Apparently not. Ga. Congressman Lynn Westmoreland has joined the Gingrich bandwagon, calling for a government shutdown if Republicans win the House. (h/t Dave Weigel):
Rep. Lynn Westmoreland (R-Ga.) addressed the Faith & Freedom Conference with a hook you’re hearing more and more often. He reminded the crowd that after Republicans won Congress in 1994, they forced a fight over the budget with President Clinton.
“The government shut down,” said Westmoreland — and the crowd started cheering. “That’s what I wanted to hear! A good clap for that!”
According to Westmoreland, if they won a House majority Republicans were going to be “ready to hold the line and get those courageous men and woman” in the new class to stand fast and shut down the government. How would they avoid a repeat of 1995/1996, when the public turned against the shutdown and the GOP buckled?

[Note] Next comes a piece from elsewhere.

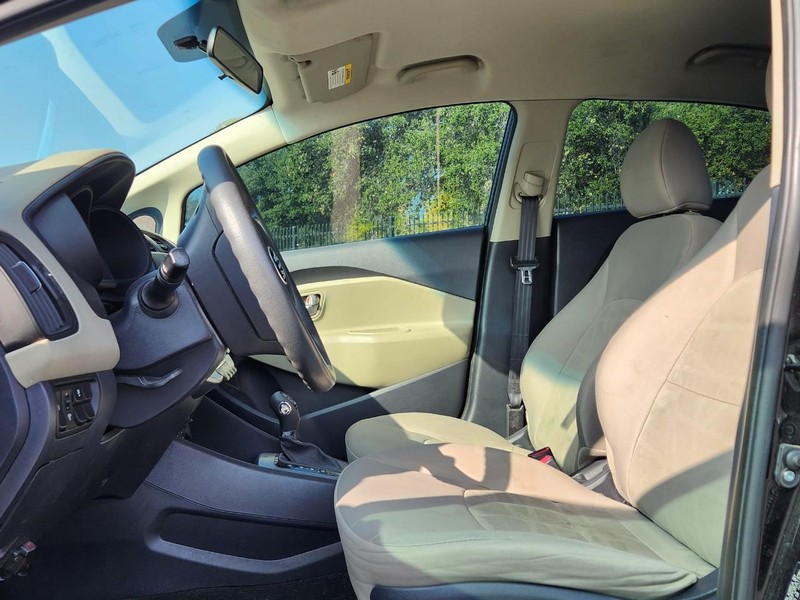 Kia Rio Vehicle Full-screen Gallery Image 08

“We want you with us,” said Westmoreland. “We gotta have you there. Because they’re going to come and say, ‘Daddy can’t go to the VA, the national parks are closed’ … we need to make sure you’re going to be with us.”
For a bit of reality, here are excerpts from a Washington Post news story from Dec. 1995:
As House Plan Flops, GOP Shifts the Blame For Federal Shutdown
For two weeks, House Republicans behaved like belligerent true believers, so determined or desperate to achieve a balanced budget that they were willing to keep the government closed until they got their way.
Day after day, as they took a drubbing in the court of public opinion, their position hard ened. Committee chairmen stormed to the well of the House to quote Winston S. Churchill in full roar, promising “We shall never surrender.”
Only three days ago, Speaker Newt Gingrich (R-Ga.) issued a public declaration that his troops — utterly frustrated in their dealings with the Clinton administration — would never vote to reopen the government unless a balanced budget deal had been reached.
That seemed to change Friday, when House Republicans suddenly began portraying themselves as friends of the federal work force and boasted of a plan that would return furloughed public employees to their jobs.